• _What you need to do_: Write back, word for word, the lines from the one containing "Boek Schelpen Standaard" to the end of the listing below. Include nothing else, and no pictures.

• _Supplied material_:
···

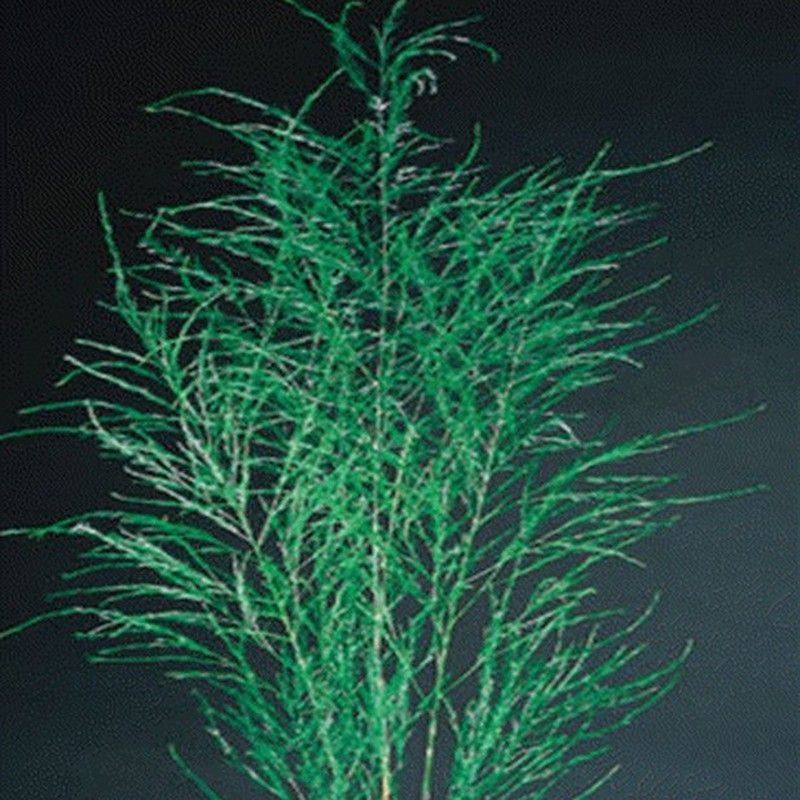 Treefern Preservado. (623.040)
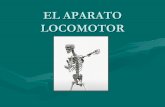 EL APARATO LOCOMOTOR - … · El aparato locomotor. Sistema óseo • Es el 12% total del peso del cuerpo. • Formado por unos 206 huesos más las piezas dentarias y los huesos supernumerarios.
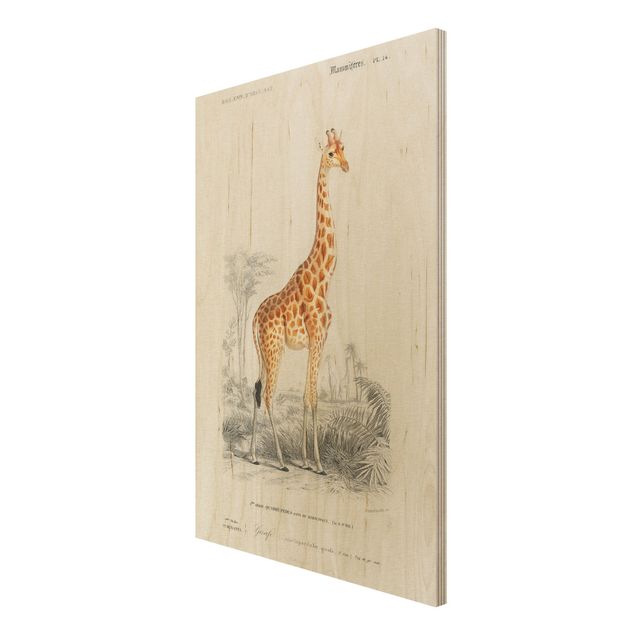 Tableaux muraux Tableau Vintage Girafe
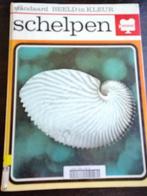 Boek Schelpen Standaard Beeld in kleur harde kaft Fossielen, Ophalen of Verzenden, Fossiel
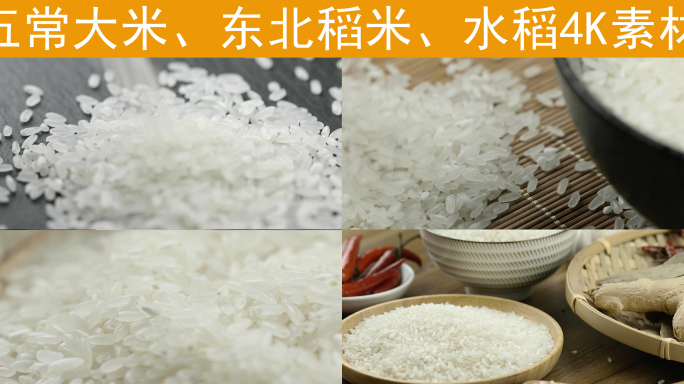 五常大米天然谷物水稻东北大米4K超清素材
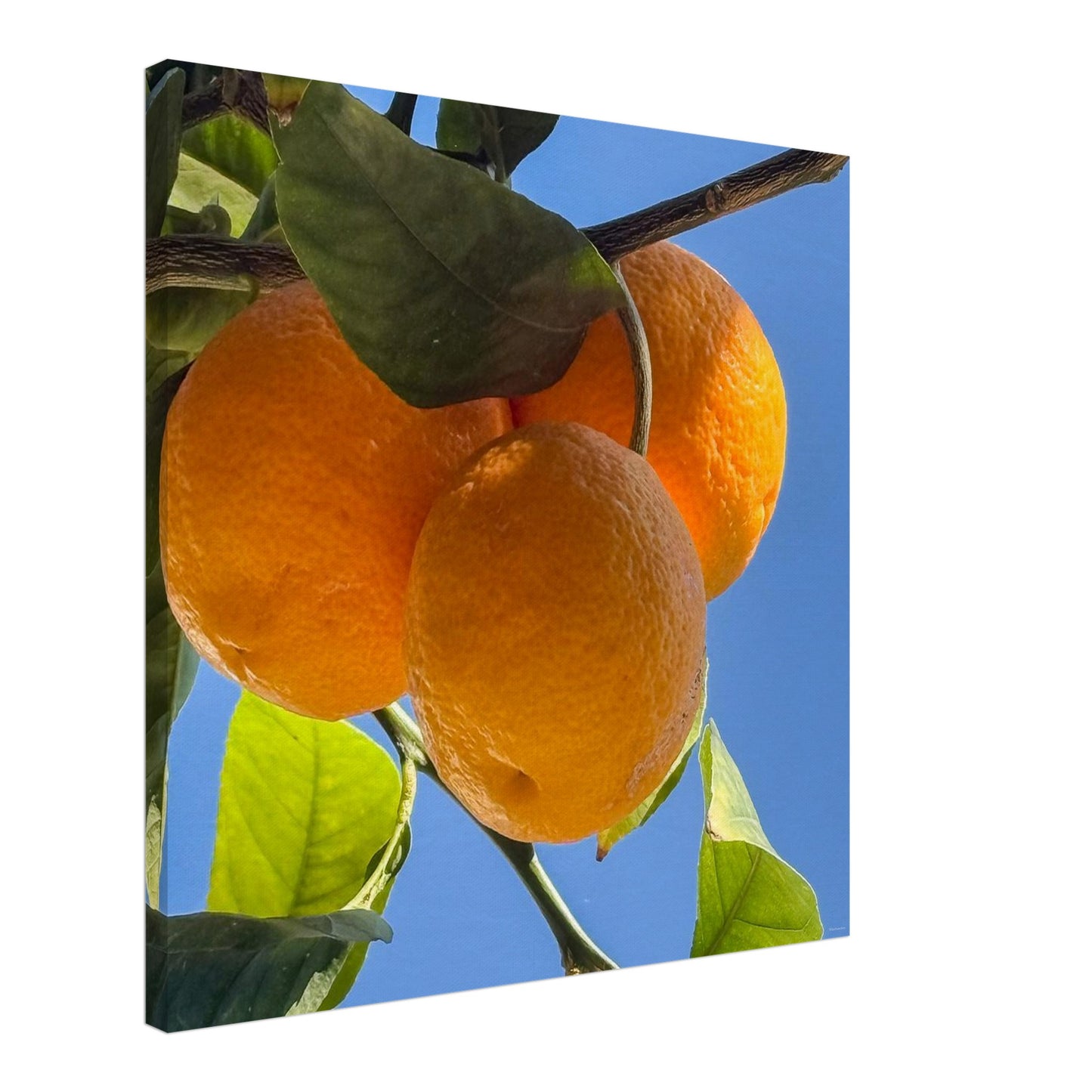 32461b06-a17d-464e-a06c-a5cb486ff263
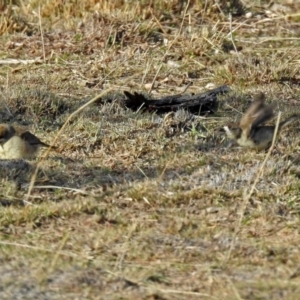 Aphelocephala leucopsis at Tharwa, ACT - 9 Jun 2019 11:56 AM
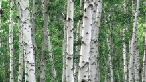 Japanese white birch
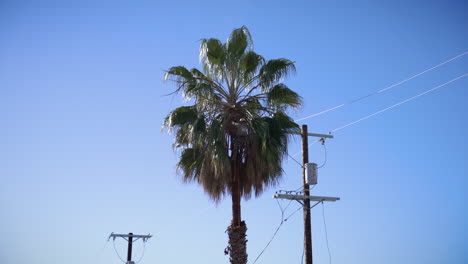 hombre cortando una palmera en los angeles, california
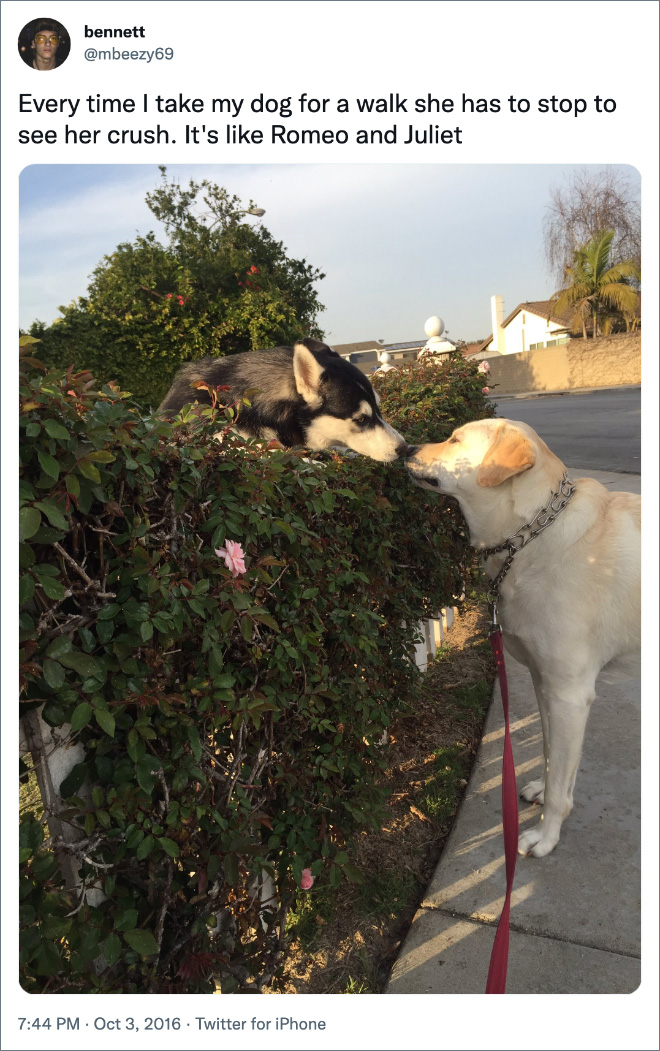 Every time I take my dog for a walk she has to stop to see her crush. It's like Romeo and Juliet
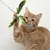 Gato rojo juega con un juguete para gatos de plumas verdes y cuenta de madera en una cuerda.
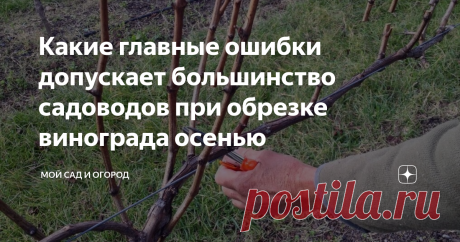 Какие главные ошибки допускает большинство садоводов при обрезке винограда осенью Как только мы обзавелись участком, сразу принялись облагораживать виноградник, так как любителей поесть эту вкусную ягоду у нас в семье «вагон и маленькая тележка». Процесс этот занял немало времени — что-то посадили, что-то обновили, что-то удалили...
Но, к превеликому сожалению, за несколько лет регулярного ухода за виноградом, нам ни разу не удалось собрать с него достойный урожай. Естественно,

···

• _Solution below_:
 Boek Schelpen Standaard Beeld in kleur harde kaft Fossielen, Ophalen of Verzenden, Fossiel
 五常大米天然谷物水稻东北大米4K超清素材
 32461b06-a17d-464e-a06c-a5cb486ff263
 Aphelocephala leucopsis at Tharwa, ACT - 9 Jun 2019 11:56 AM
 Japanese white birch
 hombre cortando una palmera en los angeles, california
 Every time I take my dog for a walk she has to stop to see her crush. It's like Romeo and Juliet
 Gato rojo juega con un juguete para gatos de plumas verdes y cuenta de madera en una cuerda.
 Какие главные ошибки допускает большинство садоводов при обрезке винограда осенью Как только мы обзавелись участком, сразу принялись облагораживать виноградник, так как любителей поесть эту вкусную ягоду у нас в семье «вагон и маленькая тележка». Процесс этот занял немало времени — что-то посадили, что-то обновили, что-то удалили...
Но, к превеликому сожалению, за несколько лет регулярного ухода за виноградом, нам ни разу не удалось собрать с него достойный урожай. Естественно,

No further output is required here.